» **What this task involves**: Would you repeat the listing exactly, without any of its images?

» **Data**:
- Opening Delimiter -

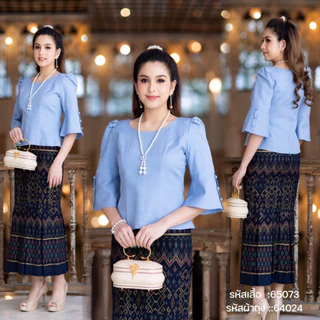 65073 เสื้อผ้าไหม คอกลม แต่งกระดุมปลายแขน เอวปล่อย ทรงสวยหรู ซิปหลัง ชุดไทยประยุกต์ เสื้อผ้าผู้หญิง ดีไซน์ by sunsmile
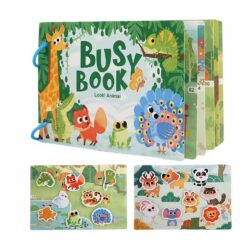 Carte cu stickere reutilizabile, Busy Book, Animale, 3ani+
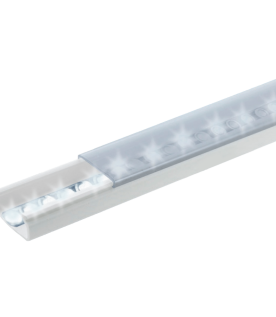 Difusor para tira LED con tapa transparente de PVC auto extinguible, ideal para colocar iluminación, 20 x 10mm, tramo de 1.53 m con cinta Autoadherible.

- Closing Delimiter -

» **Answer to this problem**:
 65073 เสื้อผ้าไหม คอกลม แต่งกระดุมปลายแขน เอวปล่อย ทรงสวยหรู ซิปหลัง ชุดไทยประยุกต์ เสื้อผ้าผู้หญิง ดีไซน์ by sunsmile
 Carte cu stickere reutilizabile, Busy Book, Animale, 3ani+
 Difusor para tira LED con tapa transparente de PVC auto extinguible, ideal para colocar iluminación, 20 x 10mm, tramo de 1.53 m con cinta Autoadherible.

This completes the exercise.